From the entries below, return only the lines starting at the one that contains "Prodej rodinného domu, Nevřeň, 95 m2" and ending at the one that contains "Lacoste LG Lacoste", exactly as they stand.

━━ RECORDED DATA ━━

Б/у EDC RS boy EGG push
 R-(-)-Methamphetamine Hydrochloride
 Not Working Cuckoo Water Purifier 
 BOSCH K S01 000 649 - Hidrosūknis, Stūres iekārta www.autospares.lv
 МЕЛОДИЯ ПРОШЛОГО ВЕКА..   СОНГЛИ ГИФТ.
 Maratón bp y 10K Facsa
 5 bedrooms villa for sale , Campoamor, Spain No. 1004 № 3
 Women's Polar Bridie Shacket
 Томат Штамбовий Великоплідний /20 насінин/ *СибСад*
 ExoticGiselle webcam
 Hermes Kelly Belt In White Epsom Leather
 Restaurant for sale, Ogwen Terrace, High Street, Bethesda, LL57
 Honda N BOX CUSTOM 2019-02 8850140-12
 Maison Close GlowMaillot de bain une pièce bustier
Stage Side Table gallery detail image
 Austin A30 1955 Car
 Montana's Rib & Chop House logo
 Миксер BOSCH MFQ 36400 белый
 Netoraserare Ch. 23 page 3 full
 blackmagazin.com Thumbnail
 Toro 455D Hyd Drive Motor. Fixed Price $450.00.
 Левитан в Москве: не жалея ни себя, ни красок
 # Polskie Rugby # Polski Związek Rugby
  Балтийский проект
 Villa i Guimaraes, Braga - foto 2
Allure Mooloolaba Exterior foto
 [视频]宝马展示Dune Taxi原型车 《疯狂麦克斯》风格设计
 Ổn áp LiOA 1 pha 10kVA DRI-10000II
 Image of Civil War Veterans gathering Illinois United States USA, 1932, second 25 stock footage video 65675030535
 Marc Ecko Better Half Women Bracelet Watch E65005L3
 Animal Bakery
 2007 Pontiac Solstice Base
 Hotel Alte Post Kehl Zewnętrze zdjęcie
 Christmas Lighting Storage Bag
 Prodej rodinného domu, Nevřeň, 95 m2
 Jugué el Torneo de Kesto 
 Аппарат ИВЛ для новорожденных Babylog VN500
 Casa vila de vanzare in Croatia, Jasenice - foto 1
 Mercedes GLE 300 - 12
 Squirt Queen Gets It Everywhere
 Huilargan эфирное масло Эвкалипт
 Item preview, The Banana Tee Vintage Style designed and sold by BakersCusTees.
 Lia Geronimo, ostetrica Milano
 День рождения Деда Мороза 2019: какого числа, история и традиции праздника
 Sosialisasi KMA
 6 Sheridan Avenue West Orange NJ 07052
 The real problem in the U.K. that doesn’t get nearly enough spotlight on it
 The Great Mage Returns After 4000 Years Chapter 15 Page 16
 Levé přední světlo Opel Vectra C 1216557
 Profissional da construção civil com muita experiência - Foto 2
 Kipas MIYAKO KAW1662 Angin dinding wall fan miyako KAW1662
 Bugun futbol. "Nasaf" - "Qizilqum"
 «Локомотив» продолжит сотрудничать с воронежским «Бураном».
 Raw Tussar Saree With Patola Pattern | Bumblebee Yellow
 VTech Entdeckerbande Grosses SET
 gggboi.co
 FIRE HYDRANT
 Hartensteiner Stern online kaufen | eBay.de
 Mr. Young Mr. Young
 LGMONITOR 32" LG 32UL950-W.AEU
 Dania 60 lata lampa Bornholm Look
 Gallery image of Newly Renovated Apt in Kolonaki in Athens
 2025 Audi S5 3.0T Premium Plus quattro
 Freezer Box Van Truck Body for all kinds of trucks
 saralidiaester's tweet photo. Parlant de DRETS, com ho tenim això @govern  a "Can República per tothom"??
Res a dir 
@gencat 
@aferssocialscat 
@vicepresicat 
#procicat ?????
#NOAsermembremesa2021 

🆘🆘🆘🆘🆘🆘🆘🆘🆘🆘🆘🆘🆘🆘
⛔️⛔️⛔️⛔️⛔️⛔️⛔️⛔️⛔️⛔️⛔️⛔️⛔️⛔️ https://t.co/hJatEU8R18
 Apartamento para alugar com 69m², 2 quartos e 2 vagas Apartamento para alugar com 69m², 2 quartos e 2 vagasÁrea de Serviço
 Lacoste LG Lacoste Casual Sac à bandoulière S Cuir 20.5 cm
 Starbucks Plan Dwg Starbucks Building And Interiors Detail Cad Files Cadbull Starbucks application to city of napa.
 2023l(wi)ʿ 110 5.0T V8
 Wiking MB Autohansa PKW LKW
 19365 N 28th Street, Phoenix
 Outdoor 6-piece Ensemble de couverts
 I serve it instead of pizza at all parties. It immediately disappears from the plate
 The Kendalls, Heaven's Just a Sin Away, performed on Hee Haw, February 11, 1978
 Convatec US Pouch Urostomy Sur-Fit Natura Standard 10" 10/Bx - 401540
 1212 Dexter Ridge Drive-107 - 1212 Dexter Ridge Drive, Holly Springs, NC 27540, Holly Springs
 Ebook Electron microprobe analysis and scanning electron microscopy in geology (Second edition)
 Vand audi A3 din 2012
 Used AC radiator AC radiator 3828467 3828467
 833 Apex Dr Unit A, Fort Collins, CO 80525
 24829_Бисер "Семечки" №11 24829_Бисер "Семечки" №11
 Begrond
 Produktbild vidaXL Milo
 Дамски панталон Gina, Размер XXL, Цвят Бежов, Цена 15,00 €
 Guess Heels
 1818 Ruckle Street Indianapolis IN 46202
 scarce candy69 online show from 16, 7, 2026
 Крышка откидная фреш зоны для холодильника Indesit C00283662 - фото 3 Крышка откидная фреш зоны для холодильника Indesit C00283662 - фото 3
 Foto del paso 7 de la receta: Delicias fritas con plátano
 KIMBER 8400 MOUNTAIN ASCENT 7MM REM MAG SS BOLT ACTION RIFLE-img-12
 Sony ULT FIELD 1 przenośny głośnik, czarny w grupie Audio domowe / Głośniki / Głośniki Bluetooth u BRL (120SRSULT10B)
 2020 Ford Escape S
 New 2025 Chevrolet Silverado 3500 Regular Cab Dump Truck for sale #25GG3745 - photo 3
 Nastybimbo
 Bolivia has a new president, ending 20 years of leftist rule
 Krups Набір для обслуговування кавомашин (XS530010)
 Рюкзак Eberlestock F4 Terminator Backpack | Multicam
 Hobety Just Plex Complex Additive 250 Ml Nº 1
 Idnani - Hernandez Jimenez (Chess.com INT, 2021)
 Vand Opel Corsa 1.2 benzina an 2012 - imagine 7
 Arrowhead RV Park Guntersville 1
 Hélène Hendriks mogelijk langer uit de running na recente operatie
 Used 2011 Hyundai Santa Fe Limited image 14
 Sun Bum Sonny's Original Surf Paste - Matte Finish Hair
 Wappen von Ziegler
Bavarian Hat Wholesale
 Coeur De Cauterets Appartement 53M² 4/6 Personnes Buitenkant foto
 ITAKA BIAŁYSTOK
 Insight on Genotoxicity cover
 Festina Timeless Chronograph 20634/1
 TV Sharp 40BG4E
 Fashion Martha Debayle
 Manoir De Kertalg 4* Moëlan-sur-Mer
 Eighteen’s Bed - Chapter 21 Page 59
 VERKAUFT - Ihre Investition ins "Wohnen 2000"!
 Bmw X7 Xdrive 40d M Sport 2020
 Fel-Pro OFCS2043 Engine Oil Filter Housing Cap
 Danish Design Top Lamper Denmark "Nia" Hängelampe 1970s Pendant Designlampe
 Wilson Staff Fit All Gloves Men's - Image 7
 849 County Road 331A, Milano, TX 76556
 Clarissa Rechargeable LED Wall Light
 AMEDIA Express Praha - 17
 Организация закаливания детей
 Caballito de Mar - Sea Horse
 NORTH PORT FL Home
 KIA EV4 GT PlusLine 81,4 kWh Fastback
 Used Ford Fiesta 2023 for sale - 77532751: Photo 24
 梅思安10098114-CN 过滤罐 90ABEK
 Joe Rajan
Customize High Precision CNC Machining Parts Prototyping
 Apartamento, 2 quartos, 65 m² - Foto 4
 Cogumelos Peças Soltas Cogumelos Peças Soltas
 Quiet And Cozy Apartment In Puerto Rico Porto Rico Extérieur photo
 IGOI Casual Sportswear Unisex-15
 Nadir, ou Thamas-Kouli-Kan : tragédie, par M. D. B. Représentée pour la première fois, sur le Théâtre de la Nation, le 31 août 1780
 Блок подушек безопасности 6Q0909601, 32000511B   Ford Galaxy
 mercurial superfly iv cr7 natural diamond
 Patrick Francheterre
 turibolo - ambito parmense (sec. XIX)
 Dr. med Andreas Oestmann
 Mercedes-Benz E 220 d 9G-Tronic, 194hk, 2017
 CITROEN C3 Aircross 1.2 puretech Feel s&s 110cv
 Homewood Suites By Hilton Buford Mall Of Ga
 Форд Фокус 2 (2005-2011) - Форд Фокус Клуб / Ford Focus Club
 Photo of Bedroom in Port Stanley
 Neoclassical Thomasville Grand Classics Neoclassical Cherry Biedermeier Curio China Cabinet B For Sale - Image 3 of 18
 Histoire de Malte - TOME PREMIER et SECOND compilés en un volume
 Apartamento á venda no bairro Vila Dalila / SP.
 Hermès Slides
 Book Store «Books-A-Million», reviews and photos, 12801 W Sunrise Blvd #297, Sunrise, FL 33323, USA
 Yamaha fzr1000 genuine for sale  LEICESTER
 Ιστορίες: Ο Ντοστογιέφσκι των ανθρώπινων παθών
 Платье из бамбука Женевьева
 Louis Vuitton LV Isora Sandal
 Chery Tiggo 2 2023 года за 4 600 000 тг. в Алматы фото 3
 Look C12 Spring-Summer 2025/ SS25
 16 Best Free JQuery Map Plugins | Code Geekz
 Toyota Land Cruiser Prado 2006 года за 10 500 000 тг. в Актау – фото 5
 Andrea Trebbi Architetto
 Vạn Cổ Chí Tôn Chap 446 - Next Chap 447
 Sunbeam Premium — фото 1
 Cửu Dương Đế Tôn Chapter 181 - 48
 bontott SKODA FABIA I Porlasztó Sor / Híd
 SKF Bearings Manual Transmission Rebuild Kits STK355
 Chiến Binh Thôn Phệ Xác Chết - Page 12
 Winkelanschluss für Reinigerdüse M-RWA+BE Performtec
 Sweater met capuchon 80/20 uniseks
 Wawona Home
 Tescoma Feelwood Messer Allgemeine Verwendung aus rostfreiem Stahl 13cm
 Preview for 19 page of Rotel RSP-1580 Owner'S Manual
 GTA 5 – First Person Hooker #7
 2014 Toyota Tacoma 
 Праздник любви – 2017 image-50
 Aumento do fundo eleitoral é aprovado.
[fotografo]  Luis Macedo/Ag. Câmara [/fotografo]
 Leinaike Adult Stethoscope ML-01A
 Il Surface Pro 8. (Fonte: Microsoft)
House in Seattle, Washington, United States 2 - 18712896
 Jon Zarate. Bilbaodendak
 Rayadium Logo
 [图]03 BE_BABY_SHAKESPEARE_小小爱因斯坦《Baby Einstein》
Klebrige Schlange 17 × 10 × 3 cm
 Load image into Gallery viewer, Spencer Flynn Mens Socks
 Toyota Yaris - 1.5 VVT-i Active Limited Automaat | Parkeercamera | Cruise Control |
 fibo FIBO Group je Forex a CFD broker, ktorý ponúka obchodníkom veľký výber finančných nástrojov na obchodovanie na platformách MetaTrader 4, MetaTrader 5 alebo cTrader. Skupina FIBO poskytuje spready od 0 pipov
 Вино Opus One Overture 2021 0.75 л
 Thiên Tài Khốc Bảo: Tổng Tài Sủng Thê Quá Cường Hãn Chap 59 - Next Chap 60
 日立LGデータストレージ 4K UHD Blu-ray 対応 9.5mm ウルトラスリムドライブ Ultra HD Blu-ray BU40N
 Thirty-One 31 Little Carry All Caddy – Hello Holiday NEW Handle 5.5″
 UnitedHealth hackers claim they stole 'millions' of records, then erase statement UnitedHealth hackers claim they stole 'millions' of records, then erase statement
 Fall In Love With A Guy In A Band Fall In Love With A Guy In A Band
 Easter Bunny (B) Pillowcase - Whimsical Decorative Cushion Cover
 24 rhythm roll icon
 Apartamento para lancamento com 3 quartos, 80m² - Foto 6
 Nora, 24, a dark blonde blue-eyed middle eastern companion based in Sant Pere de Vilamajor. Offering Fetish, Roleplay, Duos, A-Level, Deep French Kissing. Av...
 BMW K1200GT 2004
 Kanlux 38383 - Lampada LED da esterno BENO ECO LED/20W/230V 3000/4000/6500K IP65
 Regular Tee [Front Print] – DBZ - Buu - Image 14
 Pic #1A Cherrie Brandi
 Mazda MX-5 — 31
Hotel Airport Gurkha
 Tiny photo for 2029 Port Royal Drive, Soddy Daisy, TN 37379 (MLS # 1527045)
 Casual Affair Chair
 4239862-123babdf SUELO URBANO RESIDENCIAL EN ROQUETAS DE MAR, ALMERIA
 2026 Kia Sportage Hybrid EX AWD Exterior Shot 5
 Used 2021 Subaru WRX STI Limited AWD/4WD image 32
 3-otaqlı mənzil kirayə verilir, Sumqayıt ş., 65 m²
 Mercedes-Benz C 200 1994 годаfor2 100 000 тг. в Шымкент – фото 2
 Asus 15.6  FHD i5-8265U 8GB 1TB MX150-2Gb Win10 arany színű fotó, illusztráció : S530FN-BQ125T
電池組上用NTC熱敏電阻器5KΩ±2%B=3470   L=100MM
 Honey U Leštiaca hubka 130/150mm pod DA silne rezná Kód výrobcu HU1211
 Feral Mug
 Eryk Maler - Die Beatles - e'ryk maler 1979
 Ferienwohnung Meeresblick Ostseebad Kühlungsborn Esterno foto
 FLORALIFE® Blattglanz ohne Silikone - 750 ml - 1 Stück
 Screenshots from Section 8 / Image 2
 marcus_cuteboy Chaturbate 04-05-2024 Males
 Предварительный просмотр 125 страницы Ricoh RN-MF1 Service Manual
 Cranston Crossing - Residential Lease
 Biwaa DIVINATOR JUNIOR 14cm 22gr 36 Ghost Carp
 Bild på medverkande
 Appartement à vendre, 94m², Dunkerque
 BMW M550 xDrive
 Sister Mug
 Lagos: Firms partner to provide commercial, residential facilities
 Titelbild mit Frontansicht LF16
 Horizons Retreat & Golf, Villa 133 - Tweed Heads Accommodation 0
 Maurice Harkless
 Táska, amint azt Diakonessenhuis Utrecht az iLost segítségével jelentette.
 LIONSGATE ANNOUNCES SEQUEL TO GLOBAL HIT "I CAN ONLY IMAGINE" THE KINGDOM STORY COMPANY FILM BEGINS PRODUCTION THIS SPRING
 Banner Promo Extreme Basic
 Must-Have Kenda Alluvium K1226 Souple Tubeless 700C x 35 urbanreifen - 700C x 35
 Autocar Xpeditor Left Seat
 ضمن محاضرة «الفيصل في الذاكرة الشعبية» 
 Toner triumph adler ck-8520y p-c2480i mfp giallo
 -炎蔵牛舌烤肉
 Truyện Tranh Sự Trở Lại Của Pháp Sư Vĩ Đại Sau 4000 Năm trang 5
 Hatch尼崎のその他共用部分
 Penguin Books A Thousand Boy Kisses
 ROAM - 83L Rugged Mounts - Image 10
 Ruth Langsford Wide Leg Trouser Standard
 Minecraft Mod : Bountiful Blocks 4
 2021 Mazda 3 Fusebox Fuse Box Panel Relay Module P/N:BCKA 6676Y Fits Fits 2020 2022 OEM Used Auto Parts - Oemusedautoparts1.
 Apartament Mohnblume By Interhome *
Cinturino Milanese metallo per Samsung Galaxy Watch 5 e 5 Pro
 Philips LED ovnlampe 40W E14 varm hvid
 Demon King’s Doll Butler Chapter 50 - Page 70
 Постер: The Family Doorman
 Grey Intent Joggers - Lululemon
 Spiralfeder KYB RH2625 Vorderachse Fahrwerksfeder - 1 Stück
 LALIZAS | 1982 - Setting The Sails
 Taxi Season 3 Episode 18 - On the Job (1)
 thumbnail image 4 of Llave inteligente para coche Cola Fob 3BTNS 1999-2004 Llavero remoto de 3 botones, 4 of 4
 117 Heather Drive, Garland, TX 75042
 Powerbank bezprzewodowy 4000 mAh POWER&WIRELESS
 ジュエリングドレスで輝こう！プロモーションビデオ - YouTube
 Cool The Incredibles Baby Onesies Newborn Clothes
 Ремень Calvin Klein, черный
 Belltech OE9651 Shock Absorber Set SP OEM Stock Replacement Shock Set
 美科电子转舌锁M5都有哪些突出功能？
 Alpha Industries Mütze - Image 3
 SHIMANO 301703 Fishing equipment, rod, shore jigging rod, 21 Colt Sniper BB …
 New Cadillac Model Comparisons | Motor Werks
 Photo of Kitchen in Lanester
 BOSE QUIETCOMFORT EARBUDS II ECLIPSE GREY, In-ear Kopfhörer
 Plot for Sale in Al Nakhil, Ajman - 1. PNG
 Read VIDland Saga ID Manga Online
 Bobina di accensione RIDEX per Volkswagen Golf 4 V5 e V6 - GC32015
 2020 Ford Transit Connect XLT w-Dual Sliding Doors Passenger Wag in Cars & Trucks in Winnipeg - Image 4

━━━

PROBLEM SOLUTION —
 Prodej rodinného domu, Nevřeň, 95 m2
 Jugué el Torneo de Kesto 
 Аппарат ИВЛ для новорожденных Babylog VN500
 Casa vila de vanzare in Croatia, Jasenice - foto 1
 Mercedes GLE 300 - 12
 Squirt Queen Gets It Everywhere
 Huilargan эфирное масло Эвкалипт
 Item preview, The Banana Tee Vintage Style designed and sold by BakersCusTees.
 Lia Geronimo, ostetrica Milano
 День рождения Деда Мороза 2019: какого числа, история и традиции праздника
 Sosialisasi KMA
 6 Sheridan Avenue West Orange NJ 07052
 The real problem in the U.K. that doesn’t get nearly enough spotlight on it
 The Great Mage Returns After 4000 Years Chapter 15 Page 16
 Levé přední světlo Opel Vectra C 1216557
 Profissional da construção civil com muita experiência - Foto 2
 Kipas MIYAKO KAW1662 Angin dinding wall fan miyako KAW1662
 Bugun futbol. "Nasaf" - "Qizilqum"
 «Локомотив» продолжит сотрудничать с воронежским «Бураном».
 Raw Tussar Saree With Patola Pattern | Bumblebee Yellow
 VTech Entdeckerbande Grosses SET
 gggboi.co
 FIRE HYDRANT
 Hartensteiner Stern online kaufen | eBay.de
 Mr. Young Mr. Young
 LGMONITOR 32" LG 32UL950-W.AEU
 Dania 60 lata lampa Bornholm Look
 Gallery image of Newly Renovated Apt in Kolonaki in Athens
 2025 Audi S5 3.0T Premium Plus quattro
 Freezer Box Van Truck Body for all kinds of trucks
 saralidiaester's tweet photo. Parlant de DRETS, com ho tenim això @govern  a "Can República per tothom"??
Res a dir 
@gencat 
@aferssocialscat 
@vicepresicat 
#procicat ?????
#NOAsermembremesa2021 

🆘🆘🆘🆘🆘🆘🆘🆘🆘🆘🆘🆘🆘🆘
⛔️⛔️⛔️⛔️⛔️⛔️⛔️⛔️⛔️⛔️⛔️⛔️⛔️⛔️ https://t.co/hJatEU8R18
 Apartamento para alugar com 69m², 2 quartos e 2 vagas Apartamento para alugar com 69m², 2 quartos e 2 vagasÁrea de Serviço
 Lacoste LG Lacoste Casual Sac à bandoulière S Cuir 20.5 cm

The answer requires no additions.